Other scientists quickly tackled some of the uncertainties. Climate modeler Curt Covey and two colleagues at the National Center for Atmospheric Research remodeled the entire hypothesis in 1984. Their model included the large-scale movement of air (atmospheric circulation) and their analysis found that, yes, the aftereffects of a nuclear exchange would cause the planet’s surface temperature to drop, though not by as much as 35 degrees Celsius. Their calculation suggested the drop would be only between 10-20 degrees, more of a nuclear autumn than winter. However, this was still enough of a change to cause serious problems such as crop failure.
The MOD’s Response
Merchants of doubt Fred Seitz, Robert Jastrow, and Edward Teller were unhappy with the direction the studies were headed in. They didn’t like Carl Sagan or some of the other scientists involved with the studies.
In 1984, Jastrow created the George C. Marshall Institute with Frederick Seitz and William Nierenberg. The Marshall Institute’s goal was to improve the public’s scientific literacy when it came to national security and other public concerns, which it would do by distributing materials, holding training seminars for journalists and congressional employees, and writing opinion pieces and articles. Jastrow thought people opposed SDI because they didn’t understand it.
1986 was a big year for the MODs:
1. The Union of Concerned Scientists (UCS), who opposed weapons research, put together a TV program about SDI that the Marshall Institute considered one-sided. The Institute wrote to all the networks that were planning to air it that the Fairness Doctrine would oblige them to show the Institute’s viewpoint as well. As a result, few networks ran the UCS program so that they wouldn’t be obliged to run anything by Jastrow.
2. In a 1986 letter to Nature, Kerry Emanuel, a hurricane scientist, claimed that everyone involved in the nuclear winter theory lacked “scientific integrity.” He wrote that:
- There was too much uncertainty around the subject. (As we learned, certainty was impossible when it came to nuclear winter because the only way to find out for sure what would happen was to start and observe a nuclear war.)
- The modeling was approximate and failed to consider hurricanes. (The scientists had acknowledged that this was a major uncertainty. Additionally, even today, models can’t capture hurricanes because they’re too small.)

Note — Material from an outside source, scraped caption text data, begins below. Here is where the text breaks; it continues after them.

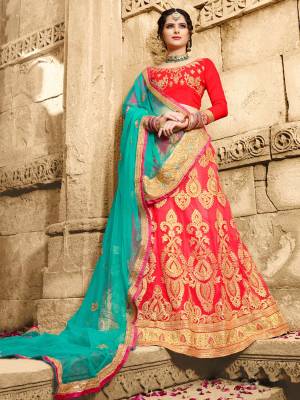 Shine Bright Wearing this Designer Lehenga Choli In Dark Pink Color Paired With Contrasting Turquoise Blue Colored Dupatta. Its Blouse Is Fabricated On Art Silk Paired With Net Fabricated Lehenga And Dupatta. Buy This Designer Lehenga Choli Now.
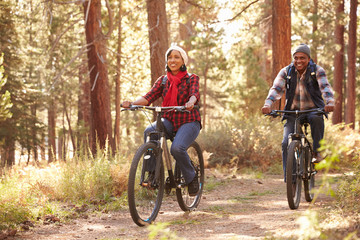 Senior Couple Cycling Through Fall Woodland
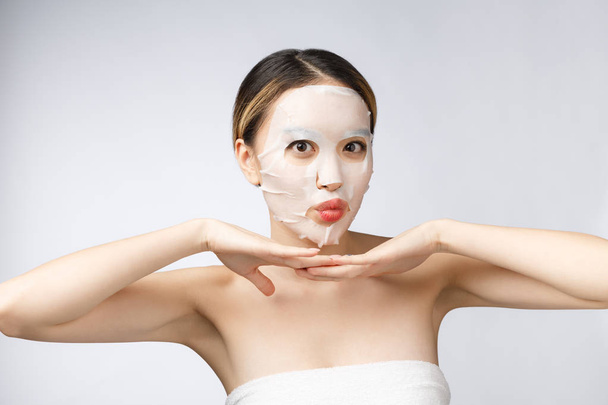 Spa, soins de santé. Asiatique fille avec un cosmétique masque isoler sur blanc. - Photo, image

- Sagan had undermined standard scientific practice by announcing the nuclear winter theory early. Additionally, in Parade, he’d played up the worst-case scenarios and had failed to mention some of the uncertainties. (This was true, and Emanuel wasn’t the only scientist to take issue with it.)
3. Jastrow wrote a fund-raising letter concluding that the change in temperature predictions—from winter to autumn—showed that the TTAPS scientists had been blowing everything out of proportion. He accused them of doing bad science by ignoring mitigating factors.
4. Jastrow hired Russell Seitz to keep pushing scientific fraud and he wrote an article in National Interest. The article was about how scientists shouldn’t be trusted at all and Seitz wrote that:
- All the organizations that were involved in nuclear winter research were biased—they were all liberal or environmentalists.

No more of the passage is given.